The seasons change and so can your committee members.

We are approaching the change in seasons and not too soon for me.  We are experiencing some crazy weather right now.  For example, yesterday it was 75 degrees and sunny in my home town.  Today, it is sleeting with 20 mile an hour winds and a low temperature of 21 degrees is expected tonight.  I am SO ready for consistently warm temperatures!

All these temperature fluctuations bring to mind volunteers and committee members who work on auction committees.  Are your committees all fired up at in the early planning of the event only to get distracted and loose motivation as time moves along?  Why, you wonder, does this happen?

First of all, life happens.

Sometimes circumstance beyond one’s control affect your committee members.

Hopefully they will become re-engaged when their circumstances change. Or they might have to back out of the committee completely.  Secondly, there might be conflict among some of the committee members.  Conflict does happen and you just have to try and get to the root of the problem to see if things can be corrected among the players.

The biggest reason we see motivation affected is in the leadership of the auction.  An auction chair must possess many different characteristics to be an effective leader. They need to have organizational skills, to be motivational and visionary, to mention just a few.  One of the most important characteristics necessary is to be a good listener.  One thing I would recommend to auction chairs is to be open-minded and remember when corresponding with your group that everyone is there for the same reason you are – they all believe in the mission of the organization and want to help make a difference.

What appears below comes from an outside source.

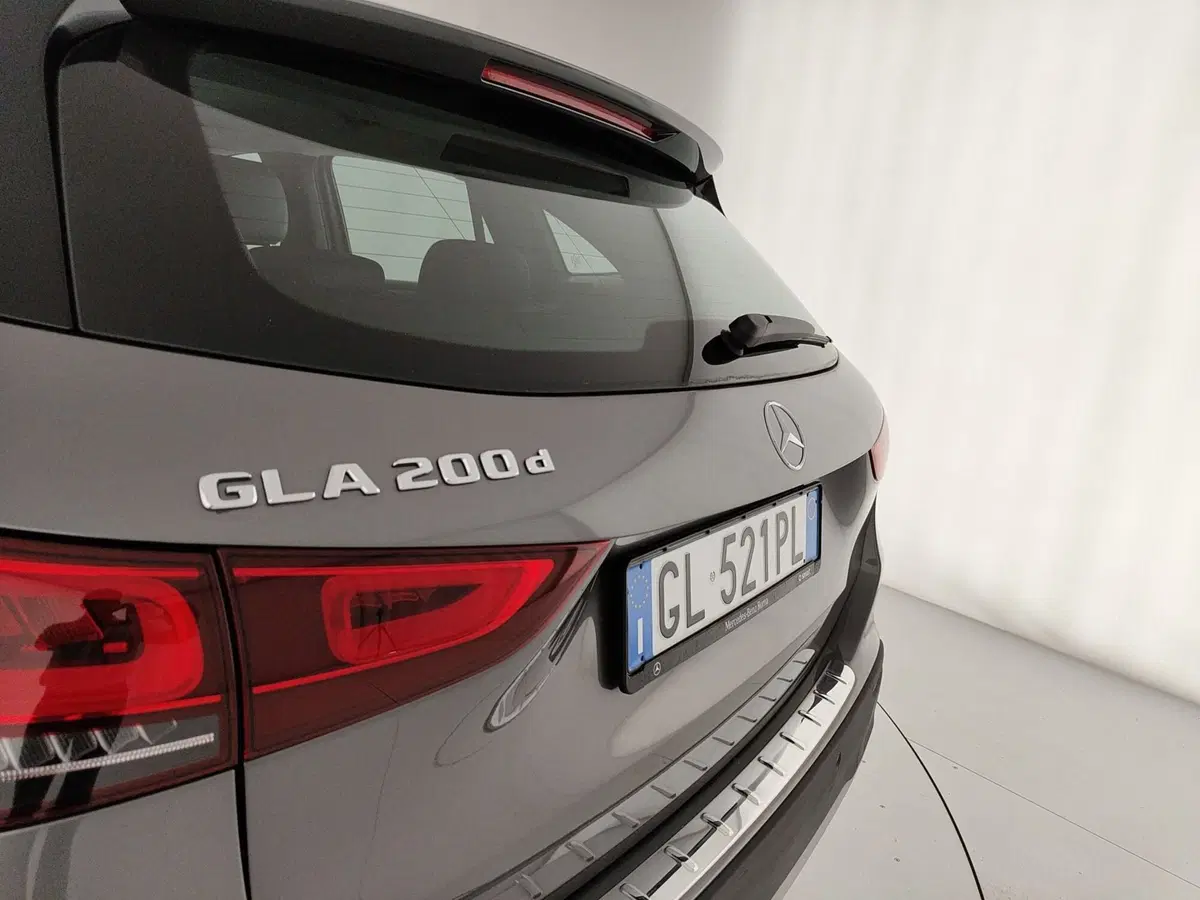 Mercedes-Benz GLA SUV usata a Caserta (9)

Many nonprofits experience this. The key to keeping committee volunteers motivated starts with the leadership.  These people need to know the auction chair is engaged and working hard. They need to expect that you’ll be scheduling meetings on a regular basis to offer the direction they need to accomplish the goals that have been presented to them.

Oh, and don’t forget the “Chillin’ Party”!  Once the money is in the bank after your nonprofit’s event, throw a volunteer appreciation party.  This can be as simple as pizza after work. I recommend that NO “business” be discussed at this party – this time is meant to offer attendees’ a chance to just chill and relax and be recognized for the wonderful job they did to help raise funds for a cause you all love.

Make every minute a revenue generating minute!